→ Work item:
What is needed is an exact copy of every line from the one with "Asos Cardigan In Burgundy Cotton - Red" to the end of the entries below, without the pictures.
┏━━
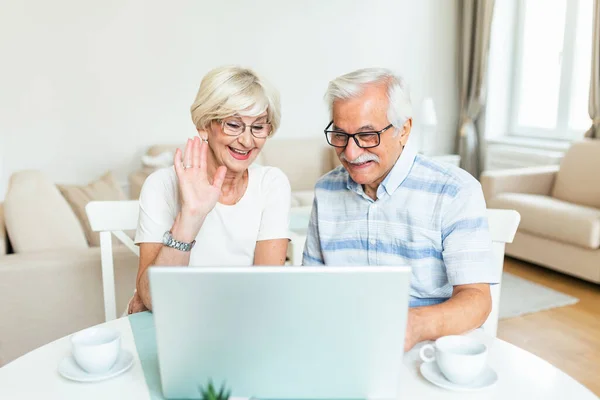 Happy old family couple talking with friends and family using laptop , surprised excited senior woman looking at computer waving and smiling.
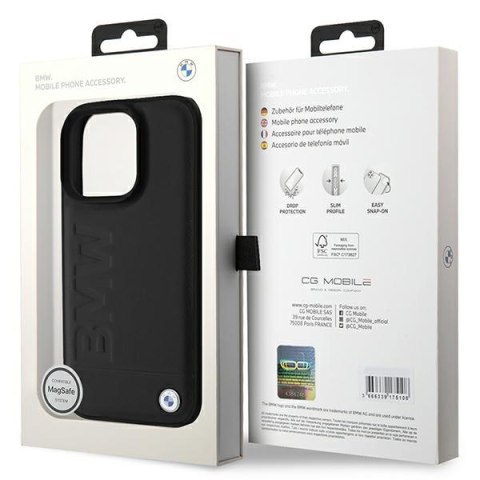 BMW nakładka do iPhone 16 Pro 6,3" BMHMP16LSLLBK Hardcase Leather Hot Stamp MagSafe czarna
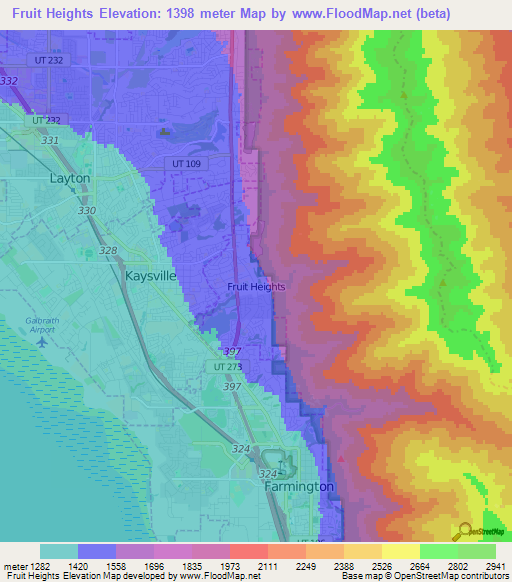 Fruit Heights,US Elevation Map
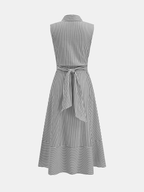 Robe Mi-longue Sans Manches Col Rayures Taille Nouée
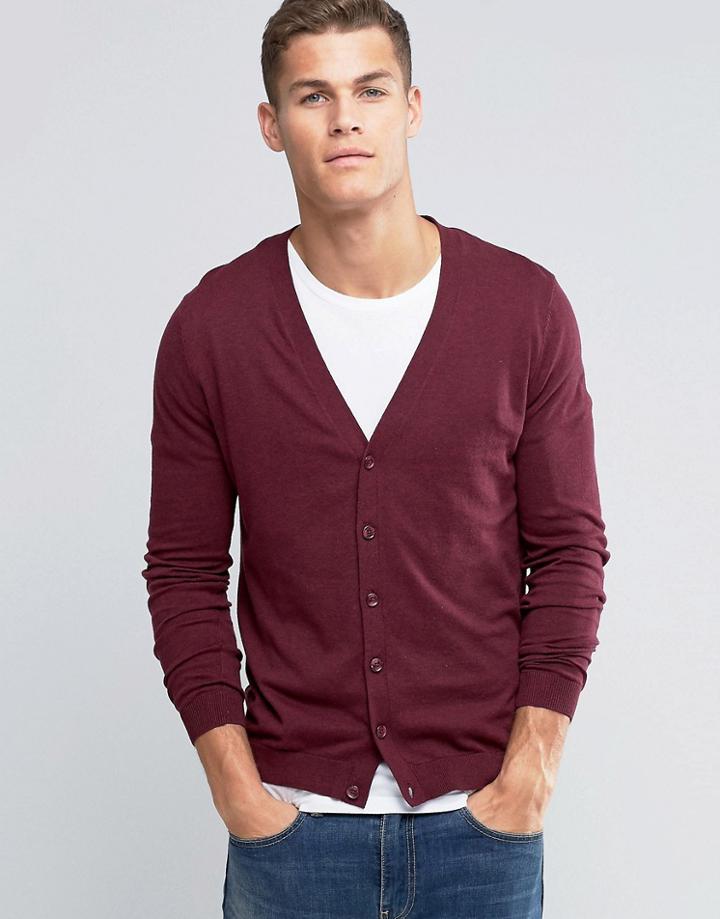 Asos Cardigan In Burgundy Cotton - Red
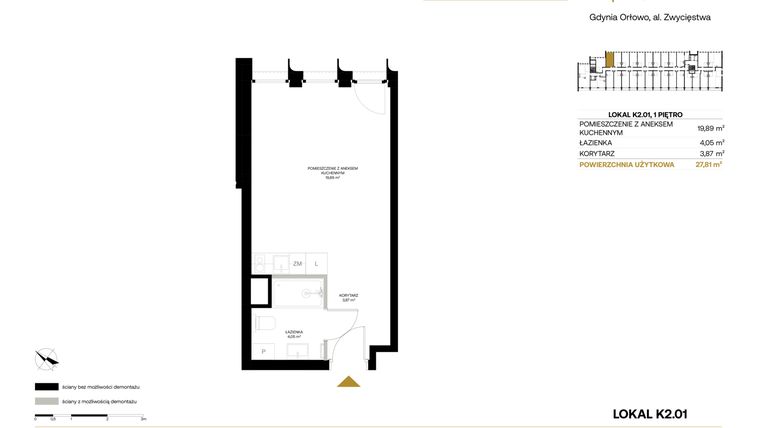 Rzut - Mieszkanie na sprzedaż 1 pokój o powierzchni 27,81 m² - numer K2.01 w Orłowo Square - Apartamenty inwestycyjne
┗━━
→ Answer to the problem:
 Asos Cardigan In Burgundy Cotton - Red
 Rzut - Mieszkanie na sprzedaż 1 pokój o powierzchni 27,81 m² - numer K2.01 w Orłowo Square - Apartamenty inwestycyjne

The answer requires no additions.